Set 50-plus years in the future, Omar El Akkad‘s debut novel American War (Knopf, 2017) has been widely praised, becoming one of those rare books with science fiction themes to make numerous mainstream publications’ Best Books of the Year lists. It was, for example, among the 100 Most Notable Books in The New York Times, the Best Books of 2017 in GQ, and was the Canadian Broadcasting Corporation’s top pick for Canadian fiction.
I was thrilled that El Akkad accepted my invitation to appear on New Books in Science Fiction. (Listen to the interview). It’s a wonderful book–lyrical, imaginative, and, as a terrorist’s coming-of-age story, acutely relevant to today.
El Akkad was born in Cairo, Egypt, grew up in Qatar, eventually moved to Canada, and now lives in Oregon. He has worked as a journalist, covering everything from the Arab Spring to the Black Lives Matter movement. He also spent two years covering the terrorism trials of the Toronto 18, which gave him insight into how young minds are radicalized and provided partial inspiration for his depiction of American War’s protagonist, Sarat Chestnut.
We meet Sarat when she’s an appealing, headstrong six-year-old and follow her, via El Akkad’s nuanced writing, as she grows up in a refugee camp, sees her family destroyed, and is groomed to commit acts of terror. Ultimately, she plays a pivotal role in the outcome of the Second American Civil War, and yet, in a reflection of the true-to-life nature of El Akkad’s storytelling, her motives aren’t the black-and-white of Hollywood, but remain murky.

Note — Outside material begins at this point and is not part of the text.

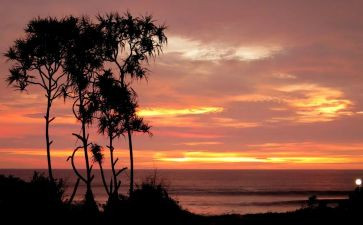 中一安全教案通用5篇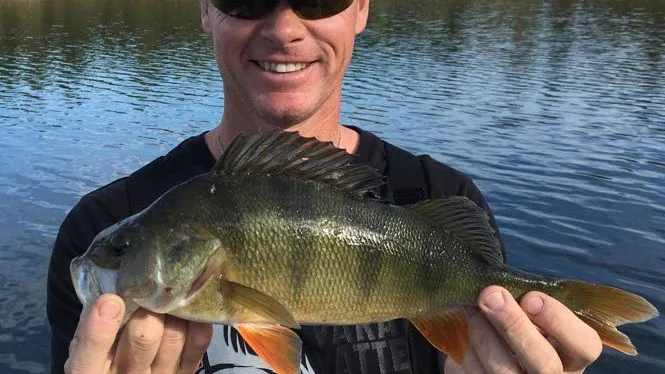 Mattias Tingestedt och hans kompisar fick avbryta fisketuren för att ta hand om alla båtarna som låg och drev. Men det blev en del fisk i alla fall.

Despite the book’s title, El Akkad told me that he doesn’t feel he’s writing about America. “To me if was never a book about America but about the universality of revenge… That any of us subjected to the injustice of being on the losing end of war, being on the losing end of violence, break down the same way and become damaged the same way and become wrathful the same way. The book is set in an allegorical America.”